Apr. 05, 2021 8:40 AM ETCSCO, PM, TSM, DBX24 Comments
FerdiS profile picture


  • I review my portfolio of dividend growth stocks, DivGro, providing a summary of transactions and the impact of those transactions on projected annual dividend income.
  • In March, I added shares to one existing position and reduced the size of two existing positions. I also opened a new position by investing in a growth stock that does not pay dividends.
  • Four DivGro stocks announced dividend increases in March and I'm happy to report that DivGro set a new record for monthly dividend income of $4,459.

Welcome to the March review of DivGro, my portfolio of dividend growth stocks. I present details of any buys or sells, and I provide a summary of dividends collected. Additionally, I look at how the month's activities have impacted DivGro's projected annual dividend income (PADI).

In March, I added shares to one existing position and reduced my holdings in two positions. Additionally, I opened a new position in a growth stock that does not pay dividends. Four DivGro stocks announced dividend increases in March. The net result of these changes is that PADI decreased by about 1.4% in March. Year over year, PADI increased by 17.9%.

As for dividend income, in March I received dividends totaling $4,459 from 46 stocks in my portfolio, a year over year increase of 29%. This is a new record for monthly dividend income! So far in 2021, I've collected $8,887 in dividends, or about 26% of my 2021 goal of $34,500.

Source: Unless otherwise noted, all images and charts are from DivGro, the author's blog

DivGro's PADI of $34,702 means I can expect to receive $2,892 in dividend income per month, on average, in perpetuity. This assumes the status quo is maintained. But PADI should increase over time because I invest in dividend growth stocks. Furthermore, I plan to reinvest dividends until I retire, so DivGro's PADI should continue to grow through dividend growth and through compounding.

Dividend Income

I collected dividends totaling $4,459 from 46 different stocks in March, which is a new record for monthly income:

Here is a list of the dividends I received in March:

  • Archer-Daniels-Midland Company (ADM) — income of $111.00
  • Aflac Incorporated (AFL) — income of $33.00
  • Amgen Inc (AMGN) — income of $88.00
  • Anthem, Inc (ANTM) — income of $11.30
  • Atmos Energy Corporation (

This article was written by

FerdiS profile picture
FerdiS invests in dividend growth stocks and writes options to boost dividend income. He manages DivGro, a portfolio of mainly dividend growth stocks created in January 2013. With investment and trading experience spanning nearly 20 years, FerdiS enjoys writing articles about dividend growth investing, options trading, stock selection, portfolio management, and passive income generation. His DivGro blog hosts more than 1,000 posts and a live, public spreadsheet with full details of his DivGro portfolio, allowing readers to follow along in his investment journey. FerdiS is collaborating with the founders of Portfolio Insight, an online platform for portfolio management and investment analysis. Together, we maintain and publish Dividend Radar, a free spreadsheet of dividend growth stocks, on a weekly basis.
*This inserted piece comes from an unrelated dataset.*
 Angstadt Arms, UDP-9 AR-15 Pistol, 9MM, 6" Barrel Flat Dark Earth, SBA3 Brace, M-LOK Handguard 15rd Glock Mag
Analyst’s Disclosure: I am/we are long AAPL, ABBV, ACN, ADM, ADP, AFL, AMGN, AMZN, ANTM, APD, ATO, AVGO, BEN, BLK, BMY, BNS, CB, CMCSA, CMI, CNI, COST, CRM, CSCO, CVS, CVX, DBX, DIS, DLR, ETO, FDX, GD, GILD, GOOG, HD, HON, HRL, IBM, ICE, INTC, ITW, JNJ, JPM, KO, LMT, LOW, MA, MAIN, MCD, MDT, MMM, MO, MRK, MSFT, NEE, NFLX, NIE, NKE, NNN, NOC, O, ORCL, PEG, PEP, PFE, PG, PINS, PM, PNW, PSA, QCOM, RTX, RY, SBUX, SNA, SYK, T, TD, TJX, TROW, TRV, TSM, TXN, UNH, UNP, UPS, UTF, V, VLO, VZ, WFC, WPC, XEL. I wrote this article myself, and it expresses my own opinions. I am not receiving compensation for it. I have no business relationship with any company whose stock is mentioned in this article.
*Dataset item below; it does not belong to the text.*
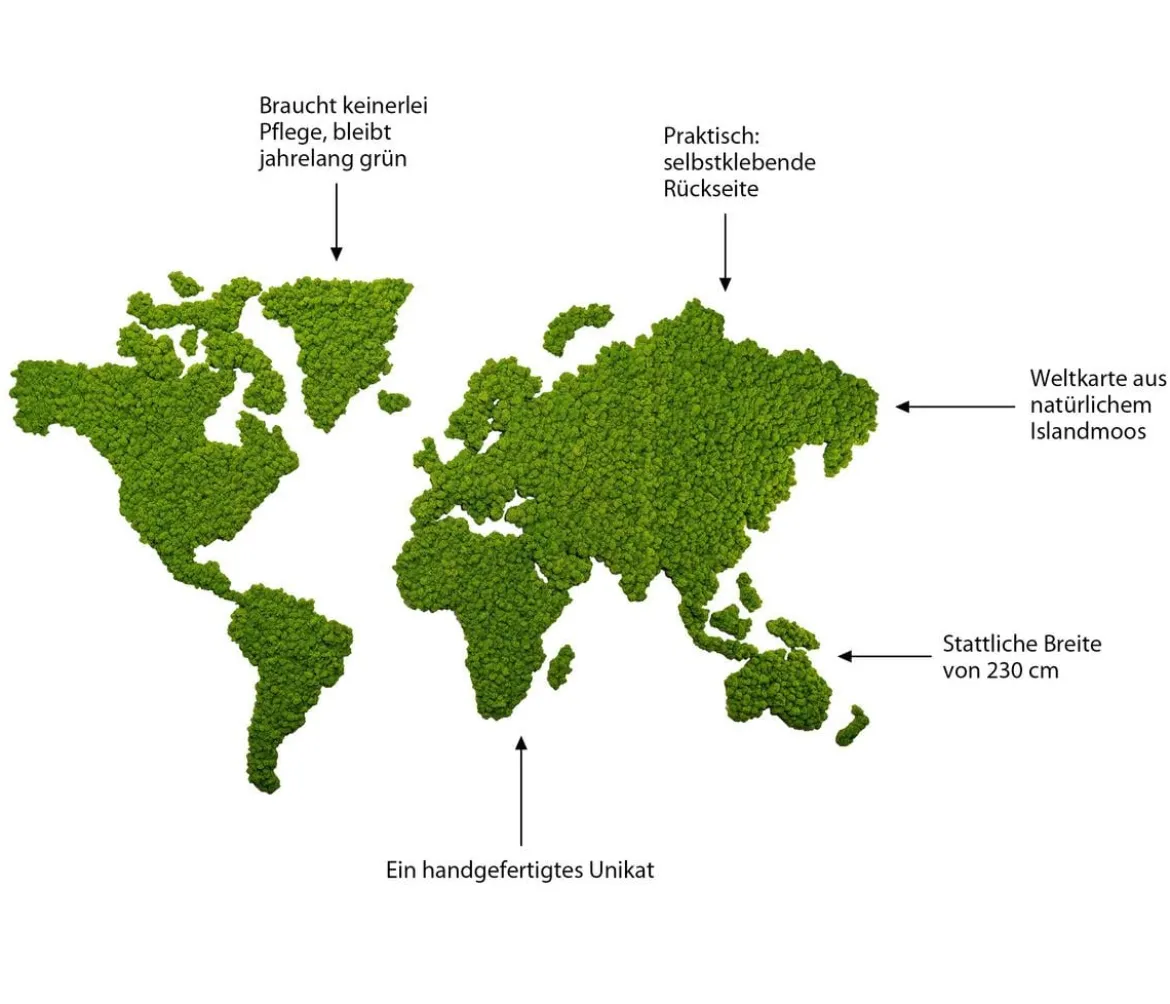 styleGREEN Weltkarte aus Islandmoos, 21-teilig, ca. B230/H135 cm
Seeking Alpha's Disclosure: Past performance is no guarantee of future results. No recommendation or advice is being given as to whether any investment is suitable for a particular investor. Any views or opinions expressed above may not reflect those of Seeking Alpha as a whole. Seeking Alpha is not a licensed securities dealer, broker or US investment adviser or investment bank. Our analysts are third party authors that include both professional investors and individual investors who may not be licensed or certified by any institute or regulatory body.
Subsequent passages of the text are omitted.